## WHAT THE EXERCISE ASKS
For every record that follows, write out the text exactly and omit the picture, if one is present.

Items listed in a dataset:
************

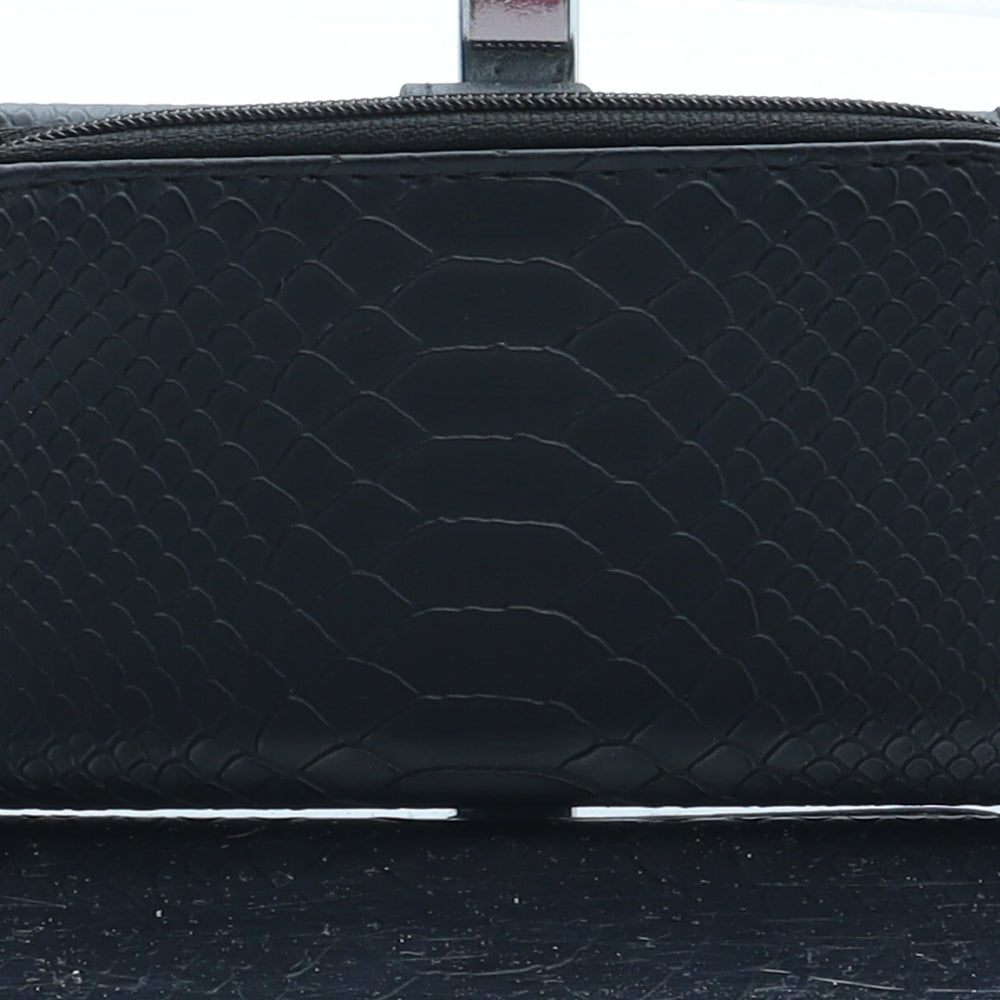 Preworn Womens Black Polyurethane Bow Tie Wallet Size S - Croc Texture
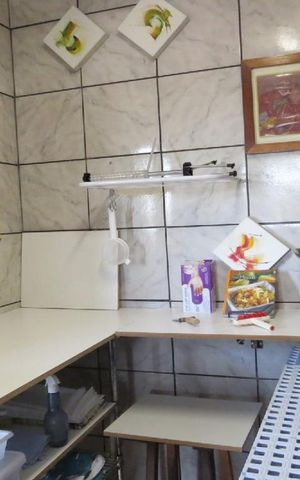 Casa à venda com 142m², 4 quartos e 2 vagas Casa à venda com 142m², 4 quartos e 2 vagasQuarto 4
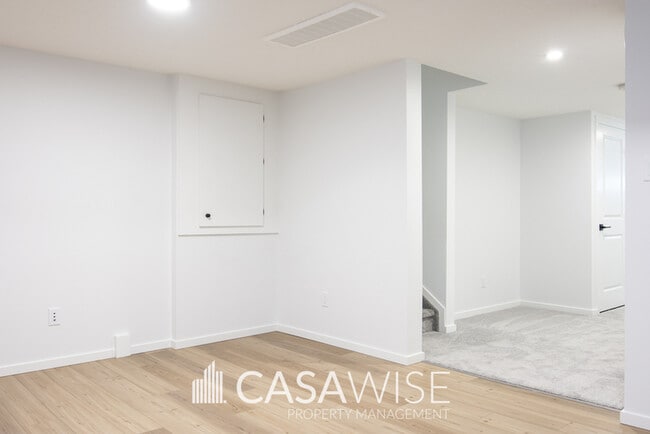 Building Photo - 9458 Colak Ln SW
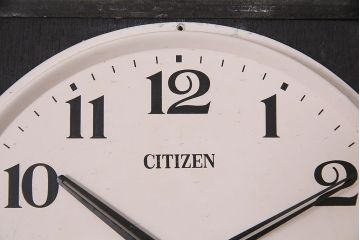 アンティーク時計　昭和中期　CITIZEN(シチズン)　30DAY　ゼンマイ式　カレンダー付　レトロなデザインが魅力の掛け時計(振り子時計、柱時計)(R-046734)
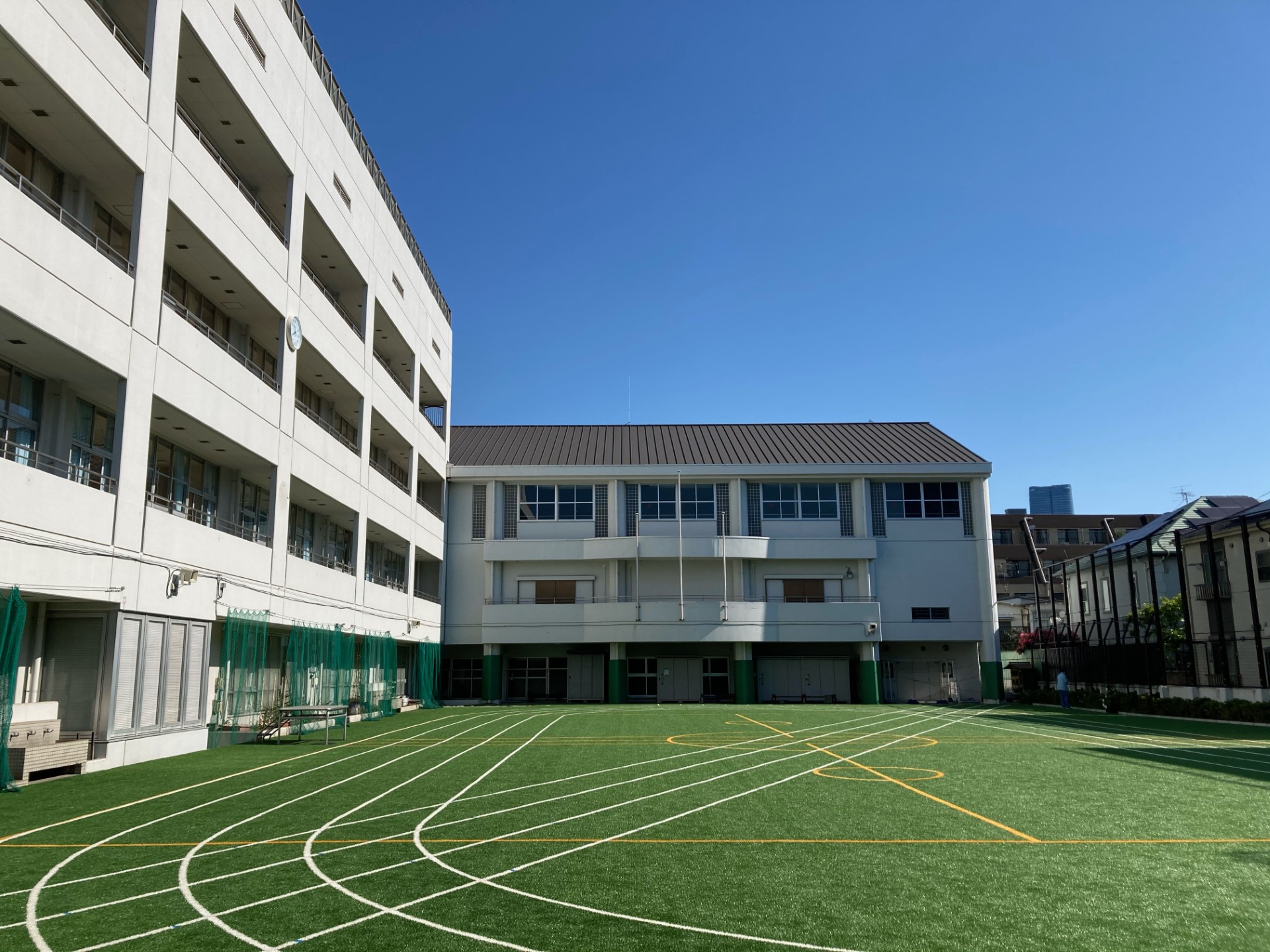 シャンボール三田 小学校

************

## OUTPUT BELOW
 Preworn Womens Black Polyurethane Bow Tie Wallet Size S - Croc Texture
 Casa à venda com 142m², 4 quartos e 2 vagas Casa à venda com 142m², 4 quartos e 2 vagasQuarto 4
 Building Photo - 9458 Colak Ln SW
 アンティーク時計　昭和中期　CITIZEN(シチズン)　30DAY　ゼンマイ式　カレンダー付　レトロなデザインが魅力の掛け時計(振り子時計、柱時計)(R-046734)
 シャンボール三田 小学校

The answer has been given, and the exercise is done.